SQL Server Home Grown

It seems very fashionable to buy in technology these days, and some of you must if anyone is actually writing their own stuff these days.  I have met quite a few of the product team and they are real people, Like Boris Baryshnikov who wrote resource governor, and nearly all of the stuff in SQL Server 2005 and 2008  is home grown, the only exceptions I can think of are the charts from Dundas and the rendering to Word from SoftArtisans in the 2008 version of reporting services.

But it’s also important to understand what to develop,  feedback from MVP’s and the SQL community can help and of course it’s important to see what features are appearing in other platforms in order to compete. 

But thought leadership is also needed; for example nobody asked for text messaging indeed it was widely ridiculed when it came out, but who would buy a phone that couldn’t sms now?

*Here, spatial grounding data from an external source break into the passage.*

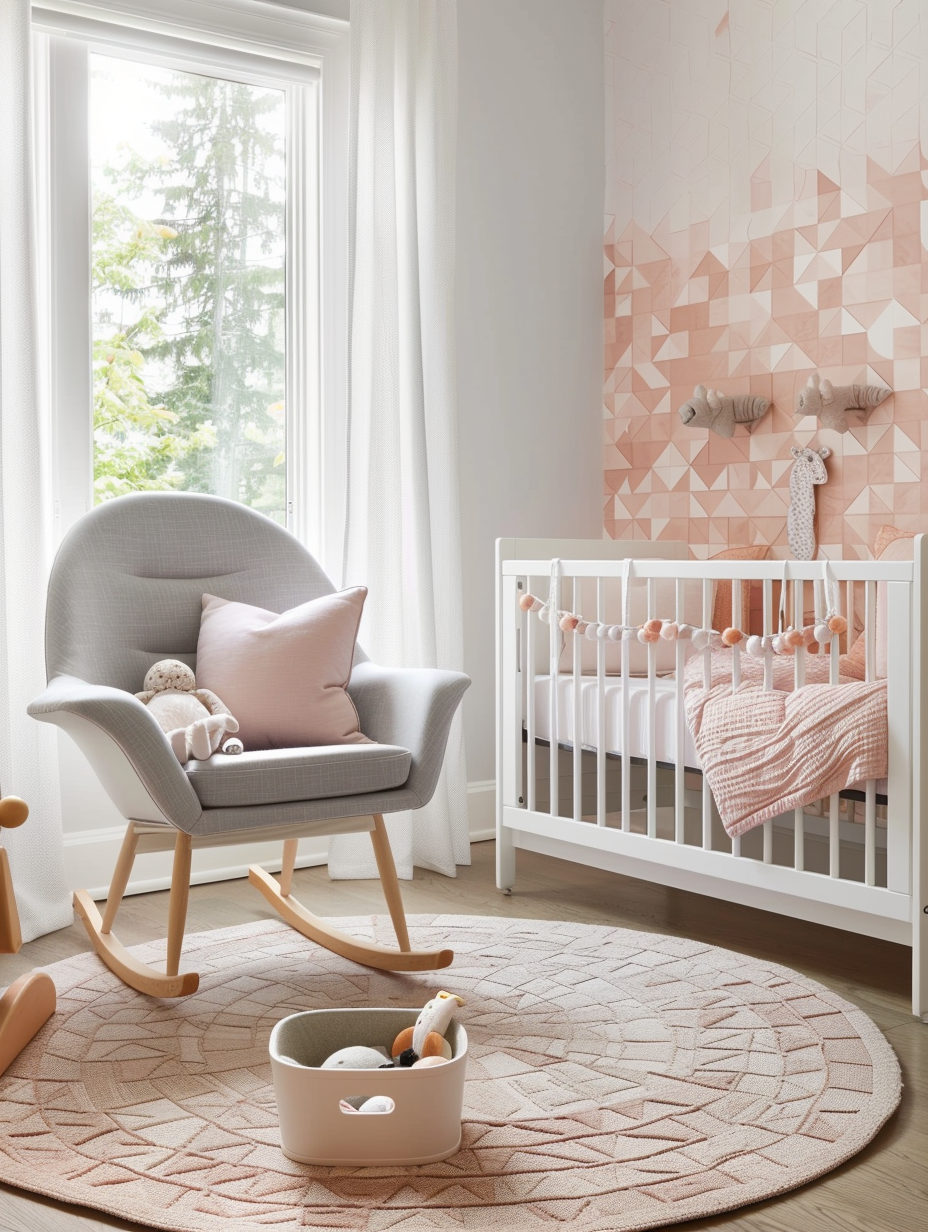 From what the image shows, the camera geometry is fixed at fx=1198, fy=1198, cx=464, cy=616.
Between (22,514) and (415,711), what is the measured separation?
0.98 m

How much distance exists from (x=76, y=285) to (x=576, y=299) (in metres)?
1.48

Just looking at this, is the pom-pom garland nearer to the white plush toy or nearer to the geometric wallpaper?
the geometric wallpaper

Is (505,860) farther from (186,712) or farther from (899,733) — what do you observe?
(899,733)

So in order to stay ahead of the game Microsoft has started up a dedicated R&D centre for database research the Jim Gray Systems Lab

image If you haven’t heard of Jim Gray, he was a Turing prize winner who was a technical fellow at Microsoft before going missing last year off San Fransisco in his boat Tenacious. The new lab is to be headed up by another database guru David DeWitt who has published numerous works on high performance databases.

So just like my vegetable garden at home, it’s much more rewarding to grow your own than go out and buy stuff in.